Ruby で創る RPG 第九章 勇者が回復できるようにする

2024/01/18に公開


gets メソッドで、キー入力を受け取る

「とてもよくできたわね。 勇者が攻撃して、スライムが反撃してきて、どちらか死んだらメッセージを表示して終わるのね。」
「うん、そうなんだ。そしてね、勇者が死にそうになったときに、このまま死んじゃうんじゃなくて、回復できるようにしたいんだけれど、どうしたらいいのかな?」
「そうね。勇者が弱ってきている時に、そのまま攻め続けてスライムを倒せればいいけれど、失敗したら死んでしまうものね。攻撃するか、回復するか、次の行動を選択できるようにするといいわよね。」

「うん、そうだね。どうやったらできるの?」
「そうね〜、みっくんはどうやったらできると思う?」
「1番なら攻撃、2番なら回復、3番なら逃げるって、コマンドを表示するのはどうかな〜」
「それはとってもいい考えね。じゃあ早速書いてみましょうか。」
「うん。 画面に攻撃、回復、逃走って出すのは、puts "1: 攻撃" って書けばいいんだよね。」
「ええ、その通りよ。」
「1番を押されたらっていうのはどうやったらいいの?」
「キーボードからの入力を受け取るためのメソッドもいろいろあるけれど、基本となるのは、getsメソッドを使うといいわ。getは得るっていう意味の英単語で、sはString文字列の略ね。」
「あ〜、これ、いままでも登場してきているよ。」
「そうね。エンターキーを押したら次の画面が表示されるようにしたのよね。」
「うん、そうなんだ。」
「ケンタッキーの時には、特に入力された文字を処理する必要がなかったから、とだけ書いたんだけれど、次のように書けば、入力された文字を受け取ることもできるわ。」

gets.rb
puts "1: 攻撃"
puts "2: 回復"
puts "3: 逃走"
command = gets.chomp
puts command

gets関数で受け取った値をmenuという変数に代入して、puts関数で表示させているんだね。」
「ええ、そうよ。」
「で、getsの後ろについている chompって何?」
「あ〜、これね。chomp は、音を立てて噛む、噛み切るなんて意味の英単語なんだけれど、改行文字を削除するメソッドなの。」
「かいぎょうもじ?」
「改行文字って、キーボードから文字を入力じゃない。例えば、この場合だったら 1というキーとエンターキーを押すわよね。そうすると目には見えないけれども、このエンターキーを押したことで改行文字って言うのだけれど、この文字も一緒にキーボードから読み取られるの。」
「ふーん、そうなんだ〜」
「えー、そうするとね、そのままメニューを画面に表示してしまうと、1のほかに改行文字も表示されてしまうわ。」
「あ〜。それで、chompメソッドを使うと、その改行文字を取り除いてくれるんだね。」
「ええ、そうよ。みっくん、飲み込みが早くて助かるわ。」

ここ数日、大好きな遙香お姉さまに教えて、僕もプログラミングセンスが身についてきたみたい。
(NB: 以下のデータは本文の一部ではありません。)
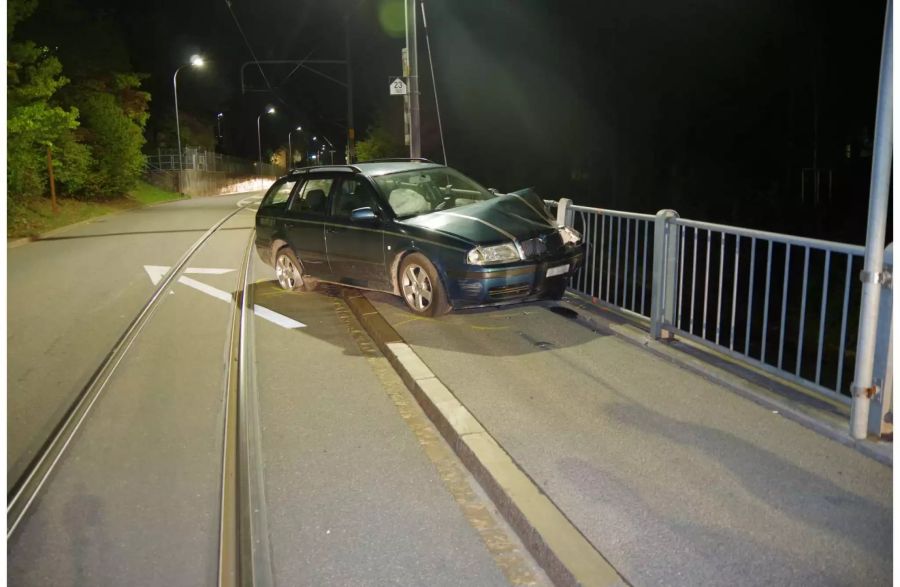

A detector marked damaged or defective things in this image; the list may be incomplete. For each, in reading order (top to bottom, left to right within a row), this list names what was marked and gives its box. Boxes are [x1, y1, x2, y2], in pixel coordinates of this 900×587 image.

「じゃあ、ちょっと実験してみようか。gets.rbってファイルを作って。さっきのコードを書くの。そしたら、ruby gets.rbって、ターミナル画面からコマンド入力すると実行できるわ。」

さっそく、僕は実行して見た。
1番攻撃を指示したいので、キーボードから1って入力して、エンターキーを押して実行。
無事に、動いているみたいだ。

to_i メソッドで、文字列型から整数型に変換する

バグ???

「遙香さん、動いたよ〜」
「良かったわね♡」
「じゃあ、続きも書いて見るね。」

動いていることが確認できたので、僕はコマンドに応じた処理を書いていく。
case文を使うとすっきり書けそうだ。

gets.rb
# コマンドを表示する
puts "1: 攻撃"
puts "2: 回復"
puts "3: 逃走"

# キーボードからの入力を受け取って、改行文字を噛みちぎる。
command = gets.chomp
puts command

# コマンドに応じた行動
case command
when 1
  puts "勇者の攻撃"
when 2
  puts "勇者は回復呪文を唱えた"
when 3
  puts "勇者は逃げ出した"
end

出来上がったので、実行させて見る。が・・・、結果は先ほどと変わらない。

「遙香さん、1番だったら攻撃、2番だったら回復って書いて見たんだけれど、動かないんだ〜。エラーは出ていないようだし、どうしてなんだろう? 何か、間違っているのかな〜?」

「ええ、エラーが出ていないし、Rubyの文法としては間違ってはいないわ。そしてみっくんが思ったようには、意図したようには動いていないわよね。いわゆるバグって呼ばれるやつだわね。」
「バグって何?」
「ちょっとしたプログラムの不具合のことを言うのだけれど、英語ではbug、文字通り虫の事よ。昔々のコンピュータは、様々な回路を配線でつないでいたことは話したわよね。」
「うん、そこから今のMacBook Airまでたくさんの人が進歩させてきたんだよね。」
「ええ、そうね。そしてね、うまく動かなかったので繋いだ電気回路を調べてみたんだって。そしたらね、一匹の蛾が回路に挟まっていたそうなの。」
「へ〜。そうなんだ。」
「ええ、いまでも標本になって残っているそう。そこからうまく動かない不具合のことをバグって名付けられたそうよ。バグがいるって、不具合の原因となる虫が回路中のどこかにいるっていうことなのね。」
「へー、そうなんだー。じゃあこの場合もどこかにバグがいるんだね。」
「そうね、今はもう物理的に線をつないだりはしないから、Macの中に虫がいるってわけではないけれど。」
そう言ってお姉さまは笑う。そしてお姉様の冗談に、僕も一緒になって笑う。笑っている顔も綺麗だし、口元からのぞく白い歯も素敵だ。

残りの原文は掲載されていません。